Dates: Oct 2008-Sep 2013

Value: £50,000

Summary: RNA viruses are a highly diverse group of pathogens, some of which have crossed the species barrier from animals to humans ('zoonoses'); for example, human immunodeficiency virus type 1 is thought to have originate from a related virus in chimpanzees, while the SARS virus is closely related to viruses found in civet cats and bats. There are increasing concerns about the emergence of new zoonotic infections, and yet our understanding of the determinants of jumping host is still poor. The overarching, long-term aim of this proposal is to help us understand why some viruses can jump hosts, while others do not, and to allow us to compare different viruses not only on their sequence similarity but also on their evolutionary similarity. As a model system for understanding the origin of HIV, I am involved in an international collaborative study to investigate the dynamics of human-primate conflict in Western Uganda.
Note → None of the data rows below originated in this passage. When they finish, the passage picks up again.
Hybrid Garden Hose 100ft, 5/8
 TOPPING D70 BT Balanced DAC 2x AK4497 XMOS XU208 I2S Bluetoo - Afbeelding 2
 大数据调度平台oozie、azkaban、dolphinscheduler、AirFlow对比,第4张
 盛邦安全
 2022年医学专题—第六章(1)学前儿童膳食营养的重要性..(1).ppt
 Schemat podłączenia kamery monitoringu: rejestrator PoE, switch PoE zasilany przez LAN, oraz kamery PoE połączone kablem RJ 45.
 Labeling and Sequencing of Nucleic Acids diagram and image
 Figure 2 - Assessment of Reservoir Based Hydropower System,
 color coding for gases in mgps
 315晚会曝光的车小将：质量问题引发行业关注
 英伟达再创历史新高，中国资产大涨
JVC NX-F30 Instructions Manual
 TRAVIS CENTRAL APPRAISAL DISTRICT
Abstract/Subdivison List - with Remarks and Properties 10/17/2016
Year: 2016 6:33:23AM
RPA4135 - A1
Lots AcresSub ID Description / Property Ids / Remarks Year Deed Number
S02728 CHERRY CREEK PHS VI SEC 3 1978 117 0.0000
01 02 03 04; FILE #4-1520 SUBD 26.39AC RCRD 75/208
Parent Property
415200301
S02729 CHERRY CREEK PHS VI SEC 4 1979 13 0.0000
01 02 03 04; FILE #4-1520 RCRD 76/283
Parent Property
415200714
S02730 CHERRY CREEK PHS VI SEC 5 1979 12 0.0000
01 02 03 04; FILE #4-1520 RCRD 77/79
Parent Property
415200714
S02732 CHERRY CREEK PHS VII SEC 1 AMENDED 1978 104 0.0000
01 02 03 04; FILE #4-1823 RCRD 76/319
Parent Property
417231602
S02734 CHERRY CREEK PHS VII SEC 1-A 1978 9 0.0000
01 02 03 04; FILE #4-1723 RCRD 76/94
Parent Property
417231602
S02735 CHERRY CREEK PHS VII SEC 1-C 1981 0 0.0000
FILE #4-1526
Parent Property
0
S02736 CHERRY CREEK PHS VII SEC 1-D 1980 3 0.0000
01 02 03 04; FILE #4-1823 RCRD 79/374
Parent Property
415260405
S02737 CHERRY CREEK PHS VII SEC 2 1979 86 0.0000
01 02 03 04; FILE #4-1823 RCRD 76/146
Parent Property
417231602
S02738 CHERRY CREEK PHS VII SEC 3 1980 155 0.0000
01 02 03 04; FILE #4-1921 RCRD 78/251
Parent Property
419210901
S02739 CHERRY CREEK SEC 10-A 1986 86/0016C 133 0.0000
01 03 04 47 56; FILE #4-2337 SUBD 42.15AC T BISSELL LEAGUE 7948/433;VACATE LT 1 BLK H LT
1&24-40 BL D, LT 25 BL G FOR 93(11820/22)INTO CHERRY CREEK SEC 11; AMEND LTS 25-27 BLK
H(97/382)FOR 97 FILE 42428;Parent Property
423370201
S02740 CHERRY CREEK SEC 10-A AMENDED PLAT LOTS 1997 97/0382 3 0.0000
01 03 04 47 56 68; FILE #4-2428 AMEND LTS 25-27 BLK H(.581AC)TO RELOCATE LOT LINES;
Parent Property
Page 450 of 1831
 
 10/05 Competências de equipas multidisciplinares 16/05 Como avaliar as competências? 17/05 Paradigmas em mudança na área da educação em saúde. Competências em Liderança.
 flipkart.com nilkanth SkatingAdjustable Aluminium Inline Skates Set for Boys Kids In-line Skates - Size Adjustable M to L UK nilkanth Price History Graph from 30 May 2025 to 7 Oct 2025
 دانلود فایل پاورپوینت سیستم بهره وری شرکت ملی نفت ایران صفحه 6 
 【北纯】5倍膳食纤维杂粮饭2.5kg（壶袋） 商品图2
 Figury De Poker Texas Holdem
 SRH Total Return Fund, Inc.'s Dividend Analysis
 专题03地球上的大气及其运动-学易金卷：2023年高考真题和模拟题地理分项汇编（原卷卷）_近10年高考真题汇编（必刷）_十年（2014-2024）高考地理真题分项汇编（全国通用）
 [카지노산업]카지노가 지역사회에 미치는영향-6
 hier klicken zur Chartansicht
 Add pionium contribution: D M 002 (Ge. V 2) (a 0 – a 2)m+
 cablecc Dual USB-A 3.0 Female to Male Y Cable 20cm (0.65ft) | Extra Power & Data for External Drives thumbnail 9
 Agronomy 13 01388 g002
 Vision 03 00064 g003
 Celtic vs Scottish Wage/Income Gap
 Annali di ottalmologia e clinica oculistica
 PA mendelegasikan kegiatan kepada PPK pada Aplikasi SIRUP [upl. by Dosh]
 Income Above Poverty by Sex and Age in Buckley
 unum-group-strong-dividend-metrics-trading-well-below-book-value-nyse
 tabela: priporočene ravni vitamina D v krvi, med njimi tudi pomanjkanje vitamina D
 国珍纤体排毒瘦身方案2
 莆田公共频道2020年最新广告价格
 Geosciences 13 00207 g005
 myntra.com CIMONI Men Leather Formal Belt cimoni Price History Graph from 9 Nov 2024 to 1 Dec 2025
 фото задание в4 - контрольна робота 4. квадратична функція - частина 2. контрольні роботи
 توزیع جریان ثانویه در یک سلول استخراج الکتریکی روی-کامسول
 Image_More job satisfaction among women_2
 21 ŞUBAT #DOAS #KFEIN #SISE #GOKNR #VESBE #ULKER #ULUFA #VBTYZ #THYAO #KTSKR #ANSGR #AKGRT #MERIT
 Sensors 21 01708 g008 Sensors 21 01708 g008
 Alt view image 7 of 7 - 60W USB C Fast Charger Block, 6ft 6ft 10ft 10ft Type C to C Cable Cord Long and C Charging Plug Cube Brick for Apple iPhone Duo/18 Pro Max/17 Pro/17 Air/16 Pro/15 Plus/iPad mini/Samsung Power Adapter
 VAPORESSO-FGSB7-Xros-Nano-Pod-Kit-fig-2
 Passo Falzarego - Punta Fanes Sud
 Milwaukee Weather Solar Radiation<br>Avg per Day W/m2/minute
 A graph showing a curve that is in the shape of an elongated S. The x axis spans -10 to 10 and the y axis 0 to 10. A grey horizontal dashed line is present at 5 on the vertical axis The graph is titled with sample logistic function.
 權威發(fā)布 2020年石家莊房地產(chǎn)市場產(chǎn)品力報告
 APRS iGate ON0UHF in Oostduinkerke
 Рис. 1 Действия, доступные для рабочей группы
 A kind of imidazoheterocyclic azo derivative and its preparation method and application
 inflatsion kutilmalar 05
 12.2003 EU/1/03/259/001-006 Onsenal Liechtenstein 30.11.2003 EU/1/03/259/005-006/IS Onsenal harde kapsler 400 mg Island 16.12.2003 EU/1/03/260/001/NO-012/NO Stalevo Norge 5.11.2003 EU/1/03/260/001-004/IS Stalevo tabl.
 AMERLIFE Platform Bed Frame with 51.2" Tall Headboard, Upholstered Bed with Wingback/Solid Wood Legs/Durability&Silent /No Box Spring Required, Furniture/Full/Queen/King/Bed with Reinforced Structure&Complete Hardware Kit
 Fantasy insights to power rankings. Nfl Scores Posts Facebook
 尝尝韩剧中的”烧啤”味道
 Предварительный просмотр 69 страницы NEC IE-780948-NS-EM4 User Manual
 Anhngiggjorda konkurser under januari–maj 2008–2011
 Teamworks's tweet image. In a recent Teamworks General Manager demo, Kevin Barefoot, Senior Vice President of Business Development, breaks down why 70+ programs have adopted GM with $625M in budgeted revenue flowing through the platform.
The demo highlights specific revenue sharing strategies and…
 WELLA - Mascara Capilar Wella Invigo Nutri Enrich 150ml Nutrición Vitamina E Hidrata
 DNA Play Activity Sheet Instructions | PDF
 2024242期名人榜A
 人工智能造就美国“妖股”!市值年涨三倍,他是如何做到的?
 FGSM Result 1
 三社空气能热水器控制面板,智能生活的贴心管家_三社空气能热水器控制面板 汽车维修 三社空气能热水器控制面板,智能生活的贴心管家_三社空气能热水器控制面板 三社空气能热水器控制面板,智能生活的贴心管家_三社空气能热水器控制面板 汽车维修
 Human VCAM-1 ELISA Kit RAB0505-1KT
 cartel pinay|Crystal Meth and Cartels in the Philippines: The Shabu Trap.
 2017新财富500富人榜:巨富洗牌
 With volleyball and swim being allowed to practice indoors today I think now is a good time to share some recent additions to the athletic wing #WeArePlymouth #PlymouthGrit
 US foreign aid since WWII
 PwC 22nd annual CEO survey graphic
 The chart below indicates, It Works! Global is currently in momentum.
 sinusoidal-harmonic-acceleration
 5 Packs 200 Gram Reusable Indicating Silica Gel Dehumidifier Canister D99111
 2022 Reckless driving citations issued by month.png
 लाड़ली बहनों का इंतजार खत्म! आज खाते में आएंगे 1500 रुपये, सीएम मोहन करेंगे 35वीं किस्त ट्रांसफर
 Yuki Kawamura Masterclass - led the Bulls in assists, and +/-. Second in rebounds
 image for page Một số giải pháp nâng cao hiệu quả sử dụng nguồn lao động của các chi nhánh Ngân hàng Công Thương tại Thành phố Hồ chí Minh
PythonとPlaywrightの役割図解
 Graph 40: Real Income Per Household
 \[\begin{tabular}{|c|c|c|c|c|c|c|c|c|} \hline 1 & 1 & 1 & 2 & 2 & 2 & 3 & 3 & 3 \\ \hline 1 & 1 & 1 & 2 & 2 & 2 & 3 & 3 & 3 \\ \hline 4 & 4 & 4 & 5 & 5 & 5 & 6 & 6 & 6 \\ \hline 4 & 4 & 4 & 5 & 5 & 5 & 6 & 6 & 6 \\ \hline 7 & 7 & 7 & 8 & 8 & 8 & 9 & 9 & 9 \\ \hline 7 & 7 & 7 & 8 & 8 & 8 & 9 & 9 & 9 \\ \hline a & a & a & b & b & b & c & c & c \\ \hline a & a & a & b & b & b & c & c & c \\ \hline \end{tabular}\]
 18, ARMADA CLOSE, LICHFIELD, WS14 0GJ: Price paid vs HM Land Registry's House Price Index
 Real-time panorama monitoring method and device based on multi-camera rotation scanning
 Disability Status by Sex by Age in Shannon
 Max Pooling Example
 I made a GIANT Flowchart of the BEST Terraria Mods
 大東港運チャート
My role in the project is to characterise the different types of contact that the local villagers have with local primate species, which harbour a variety of different retroviruses and haemorrhagic viruses, as well as the contacts individuals have with each other. I will explore the implications of this contact structure for the transmission of different types of infectious agents, validating the model using syndromic data. In many cases, when a new viral outbreak is identified, it is long after the start of the epidemic. In such a scenario, genetic sequence data of the virus can be informative about the timing and source of the outbreak, as well as the dynamics of transmission preceding the identification of the outbreak. I am building computational models of the transmission of infectious diseases that will allow the early dynamics of infection to be captured as accurately as possible. For example, if we were to see two related viruses in humans and an animal species, what is the chance that there may be a third species involved?